What the task requires:
Return the data exactly, without pictures.

Dataset section:
-*-*-
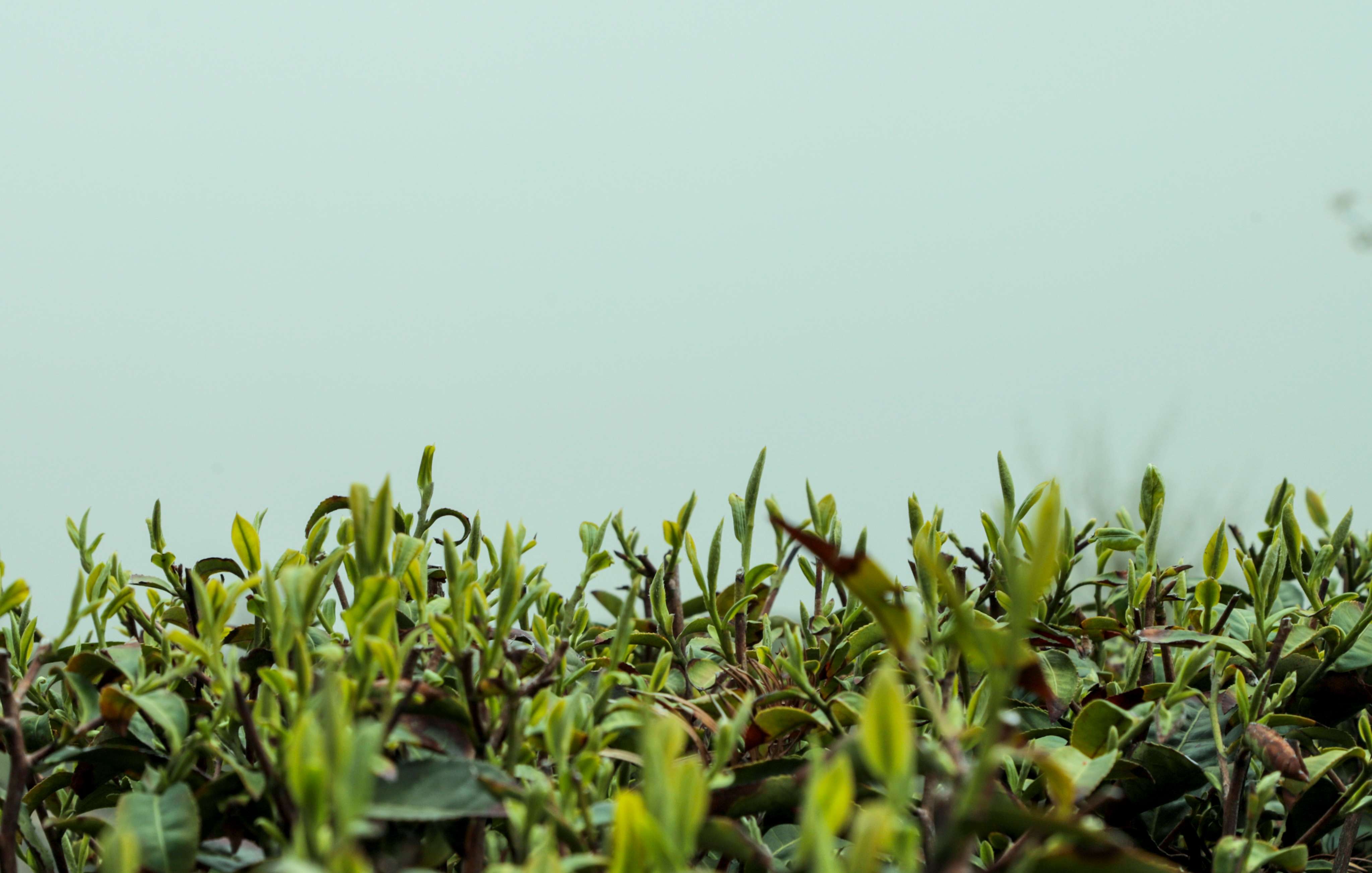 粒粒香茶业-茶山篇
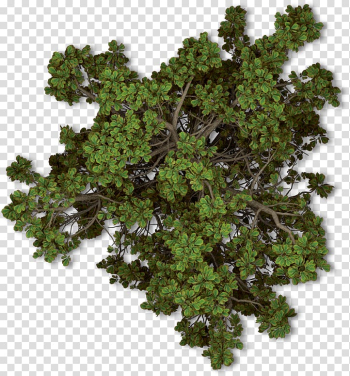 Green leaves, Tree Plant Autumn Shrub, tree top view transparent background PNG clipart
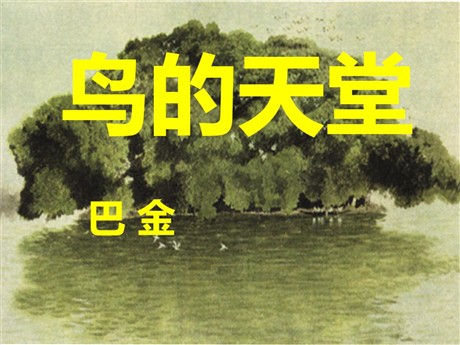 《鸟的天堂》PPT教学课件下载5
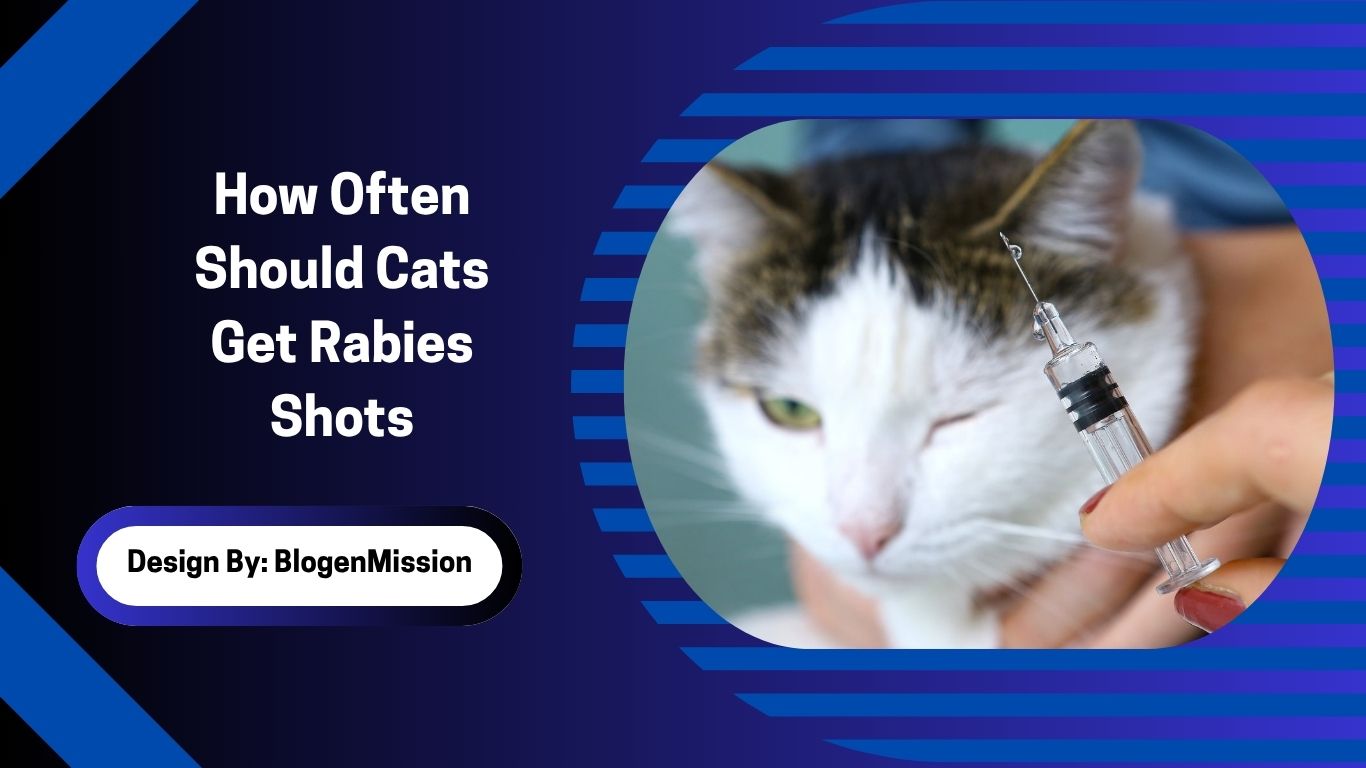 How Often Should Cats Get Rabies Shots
-*-*-
Exercise solution:
 粒粒香茶业-茶山篇
 Green leaves, Tree Plant Autumn Shrub, tree top view transparent background PNG clipart
 《鸟的天堂》PPT教学课件下载5
 How Often Should Cats Get Rabies Shots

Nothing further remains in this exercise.